◆ YOUR INSTRUCTIONS
Exactly reproduce the lines of the listing below from the one containing "Versammlung zu Thorn. - 1435 Okt. 23." through the one containing "Llavero Regalo del". Skip the images.
SUPPLIED INFORMATION START
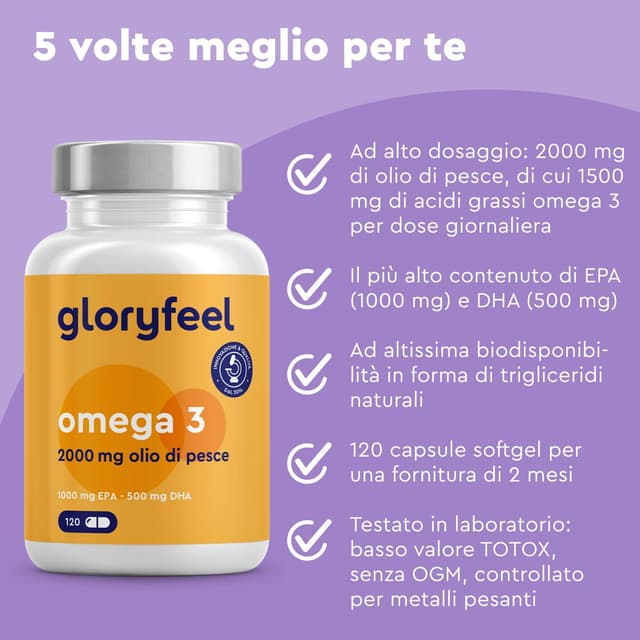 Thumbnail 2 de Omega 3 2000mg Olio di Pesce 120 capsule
SUPPLIED INFORMATION END
SUPPLIED INFORMATION START
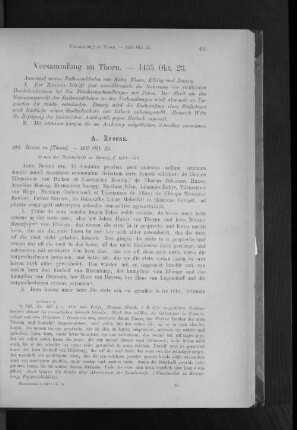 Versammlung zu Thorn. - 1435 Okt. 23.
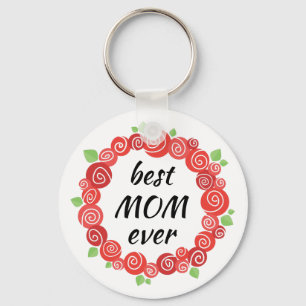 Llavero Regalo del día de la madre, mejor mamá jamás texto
SUPPLIED INFORMATION END
SUPPLIED INFORMATION START
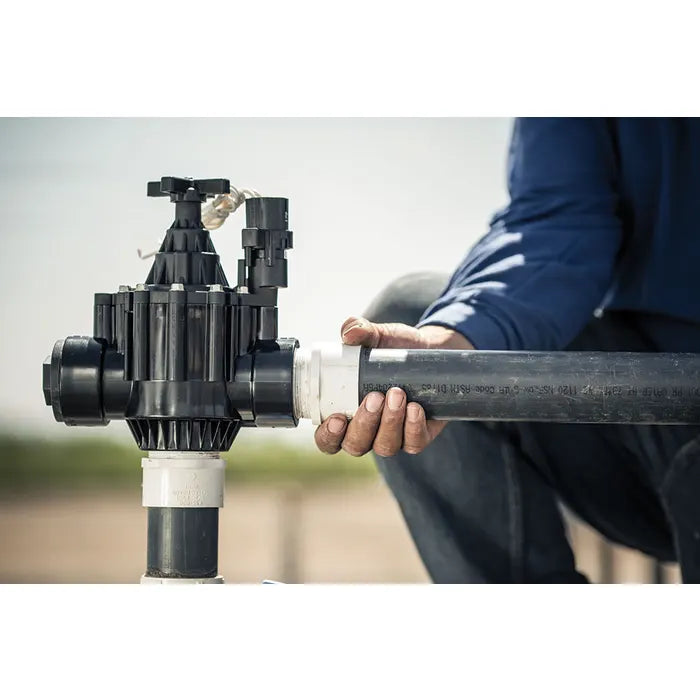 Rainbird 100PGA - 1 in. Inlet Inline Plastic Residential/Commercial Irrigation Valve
SUPPLIED INFORMATION END
◆ ANSWER SECTION
 Versammlung zu Thorn. - 1435 Okt. 23.
 Llavero Regalo del día de la madre, mejor mamá jamás texto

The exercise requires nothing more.